Venez à Mujin, la ville du brouillard.
Le cinéma coréen ça n’est pas que du thriller, mais c’est aussi du drame, et Silenced en est l’exemple le plus flagrant, véritable porte-parole d’une innocence blessée.
En 2005 Kang In-ho arrive dans une école où les enfants sont malentendants, mais se rend très vite compte que quelque chose cloche, ceux-ci s’étaient cloitrés dans une sorte d’autisme. La raison est simple, ils sont les souffres-douleurs des jumeaux proviseurs et autres enseignants. Kang In-ho, d’abord aveugle face à des actes trop abominables pour être réels se réveille néanmoins très vite et met sa vie au second plan pour se consacrer entièrement à ces enfants dans la détresse la plus profonde.

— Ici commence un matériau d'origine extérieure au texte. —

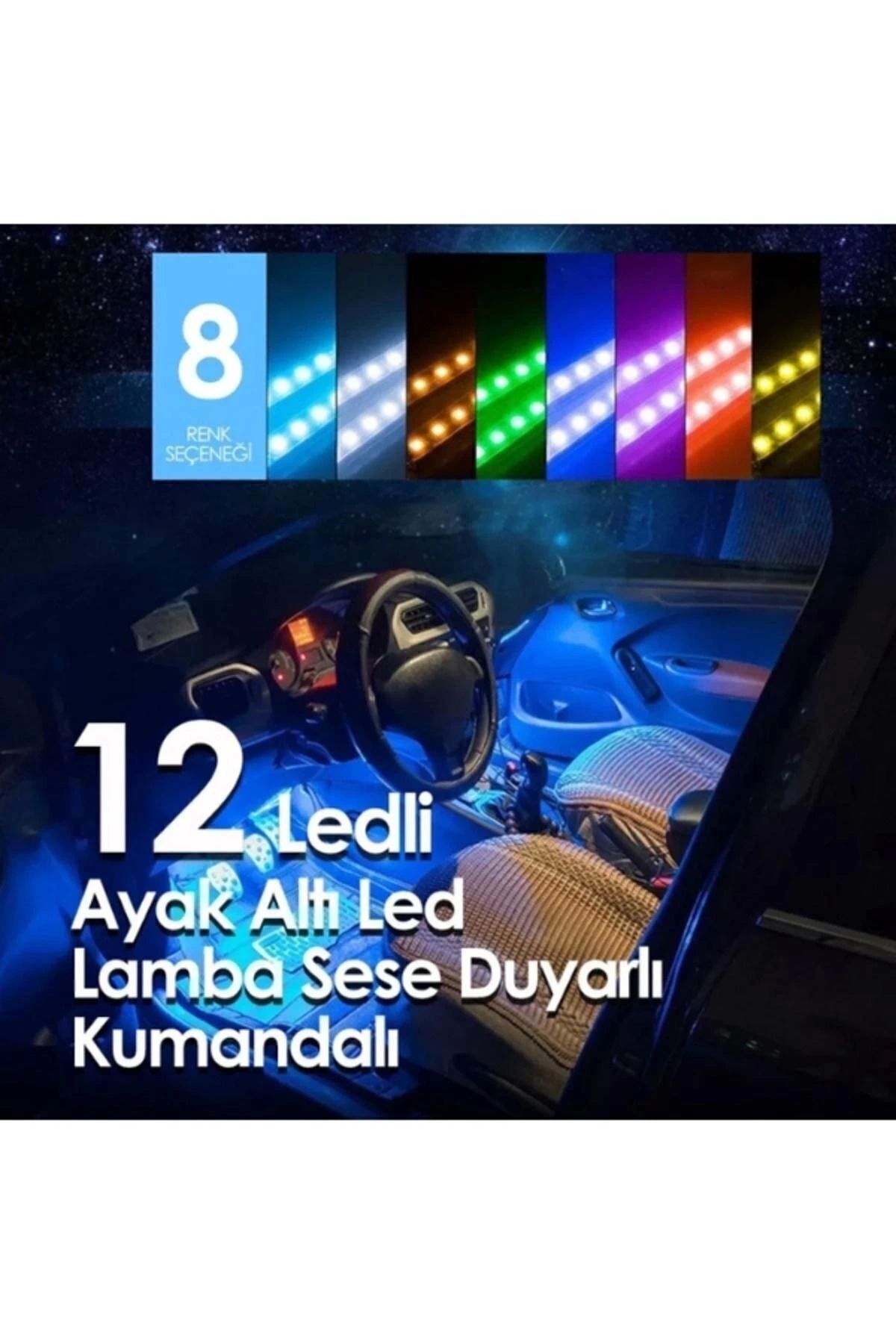 Unichrome Ayak Altı Led 12 Ledli Lamba Sese Duyarlı Led Müziğe Duyarlı 48 Led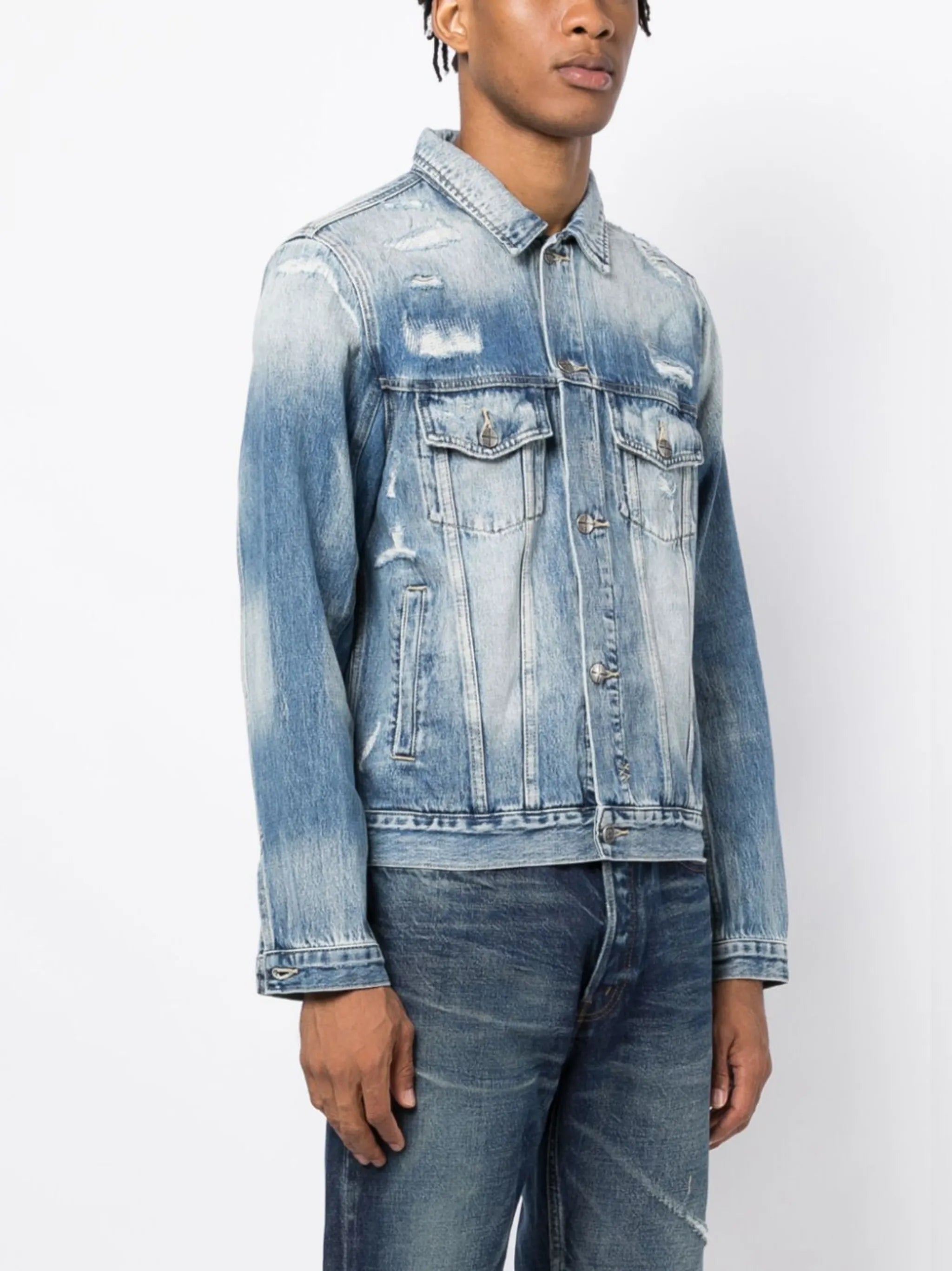 distressed-effect denim jacket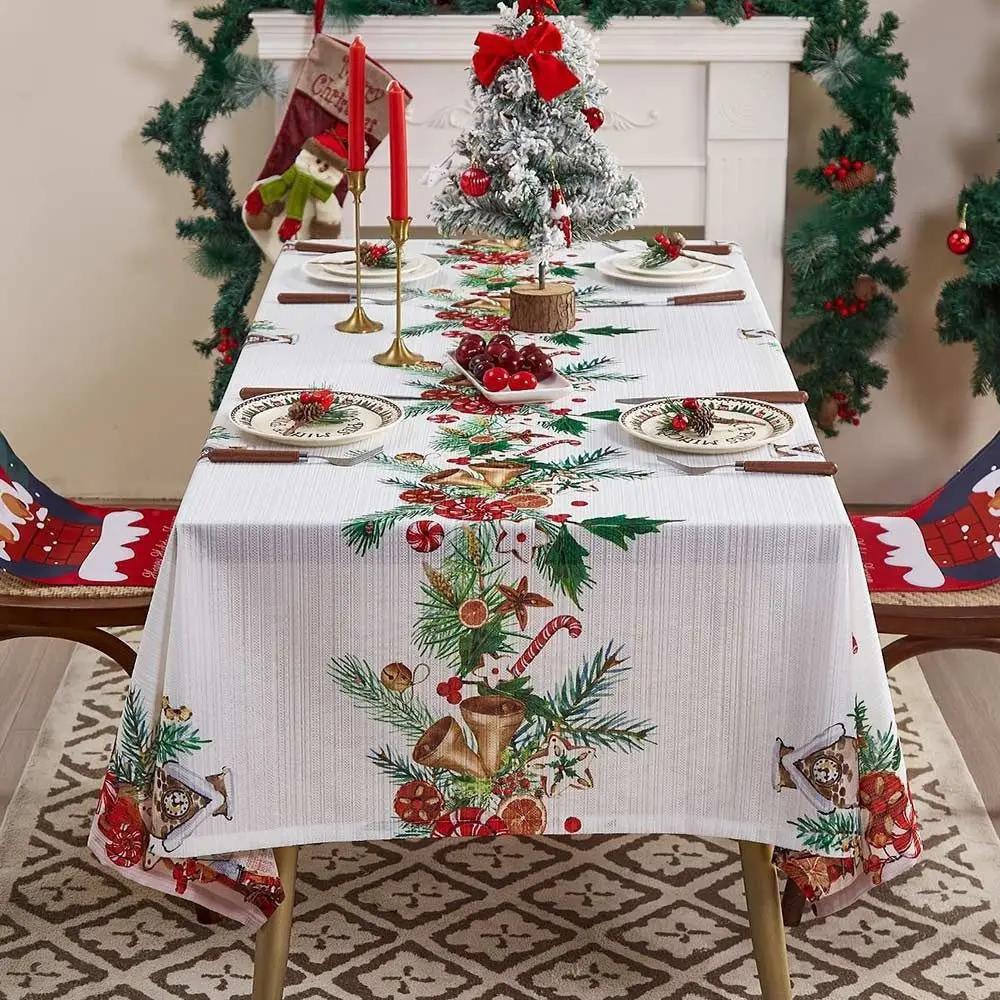 140*100cm Christmas Table Cover Cartoon Pattern Rectangle Christmas Tablecloth Easy Clean Festive Print Vintage Tablecloth Party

Ecrit et réalisé par le cinéaste Dong-hyuk Hwang, qui dirige sa seconde bobine après My Father qui datait de 2007, vient reprendre le flambeau de Kang In-ho, déjà repris par Jee-young Cong qui a couché l’histoire sur le papier. Roman dans une main et caméra dans l’autre, Dong-hyuk Hwang nous emmène dans un enfer où la cruauté est maître mot. Des hommes qui abusent d’enfants c’est déjà une infamie, mais lorsqu’ils profitent d’un handicap qui les empêchent de s’exprimer nous dépassons alors ce stade pour ne plus parler que d’être démoniaques. D’ailleurs l’oeuvre est, en plus de la mise à mort de ces salauds, l’exposition d’un Corée où les échelons de la justice sont pourris au point que malgré des témoignages accablants, tout le monde s’en sort innocenté, ou au pire avec une légère tape sur la main. Une telle injustice méritait de faire parler d’elle, et si la littérature ne permet pas toujours de s’exprimer à grande échelle, le cinéma le peut plus facilement, et en 2011 le métrage a fait l’effet d’une bombe, poussant le gouvernement à fermer l’établissement scolaire et à démarrer un nouveau procès.

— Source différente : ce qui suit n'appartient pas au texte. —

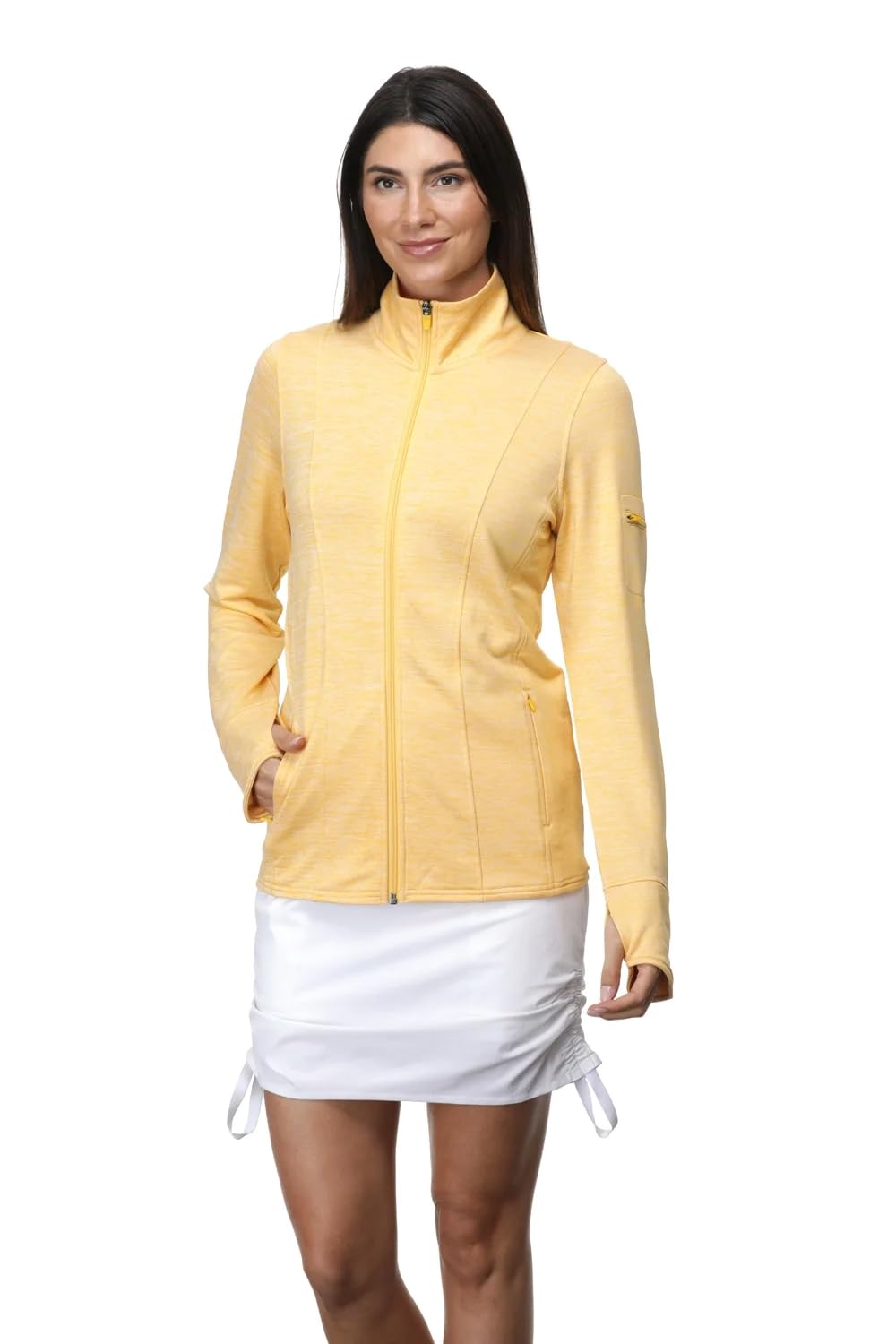 LizardHead Ladies Acadia Hoodless Full Zip Jacket with UPF 40 sun protection (US, Alpha, Small, Regular, Regular, Yellow)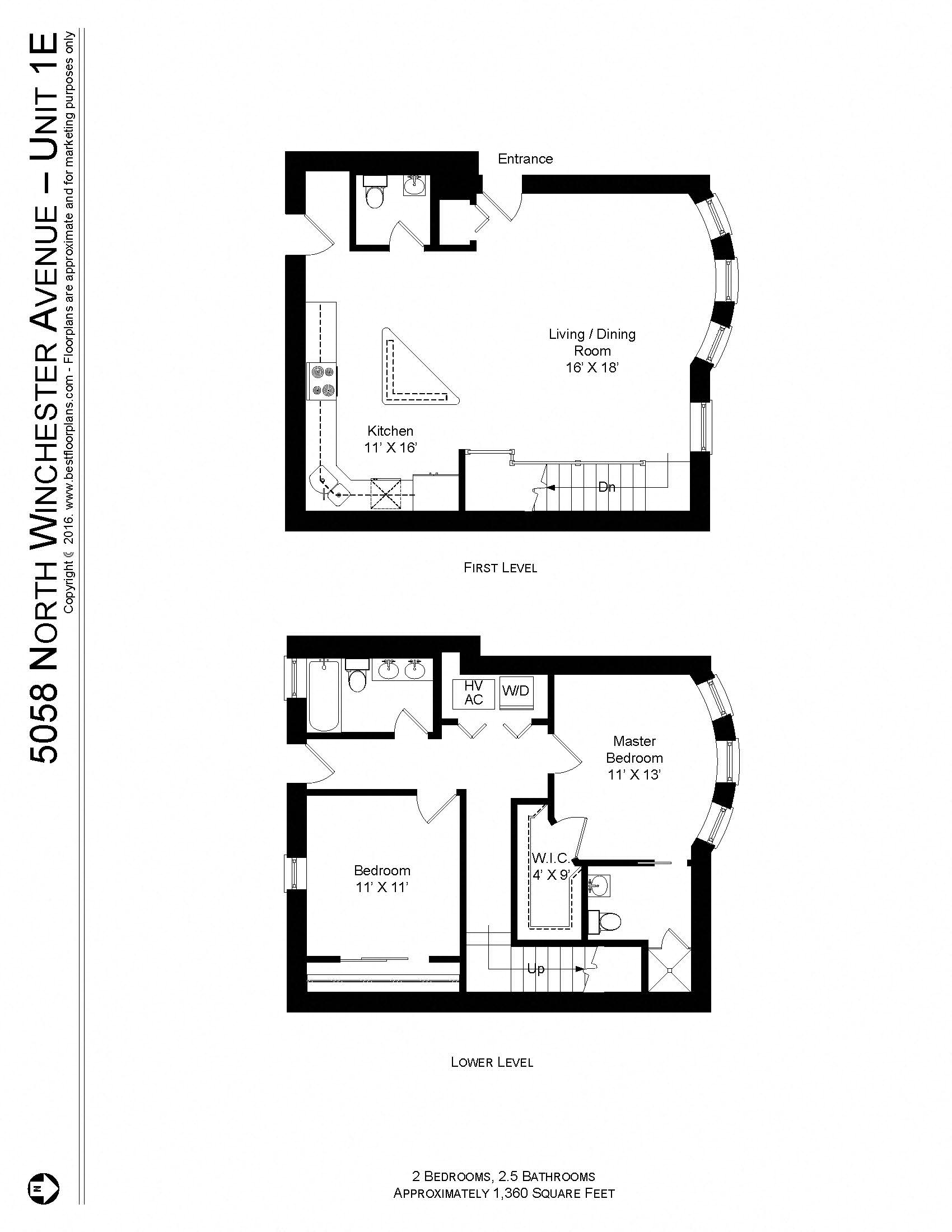 2 Bedroom - 2.5 Bath Modern Rehab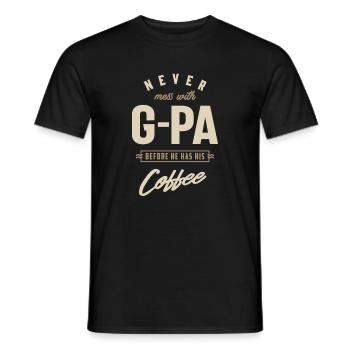 G-PA avant de prendre son café - T-shirt homme - noir - Devant - AI Model Male 178 light (178cm)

Cette descente aux enfers d’un professeur altruiste nous est servie de main de maître par Dong-hyuk Hwang qui dirige son casting avec fermeté et puissance. On sent les acteurs impliqués, tout le monde est à sa place et personne n’en fait jamais trop, en particulier les enfants, criant de vérité, malgré leur mutisme, mais dont le regard en dit long sur le travail de direction qui a été fait. Pas de mélodramatique, pas de pathos, uniquement de la justesse renforcée par une narration fluide et passionnante, découpée à parts égales entre le face à face avec l’horreur puis le déroulement du procès, ou plutôt la parodie de procès. Le réalisateur a d’ailleurs un talent assez déstabilisant à filmer les scènes d’attouchements, travaillant l’image au point de lui donner une ambiance d’une poésie morbide retournant l’estomac (bien que presque tout soit occulté), à l’inverse des scènes de brimades qui quant à elles vont dans la bestialité la plus basse.
Silenced est une oeuvre qui vous prend aux tripes, mais surtout un chef d’oeuvre à tous les niveaux, triste, très triste, car au moment du tournage (comme à l’écriture du livre) le désespoir était très certainement dans l’esprit de tous, personne ne s’attendant à ce que le métrage puisse venir ébranler des fondations juridiques pourries à ce point jusqu’à la moelle. L’arrivée de ce film est la bienvenue, mais il reste paradoxalement affreux qu’une oeuvre cinématographique se doive de jouer un rôle social, viols, tortures, décès et témoignages d’enfants n’ayant eu jusqu’ici que très peu d’impact. On pense à Dong-hyuk Hwang qui a fait un travail considérable, mais l’on pense aussi à ces enfants dont l’enfance, voire la vie, ont été volés. Une seule occasion de le voir sur grand écran, et ce sera lors de l’édition 2012 du Festival du Film Coréen à Paris.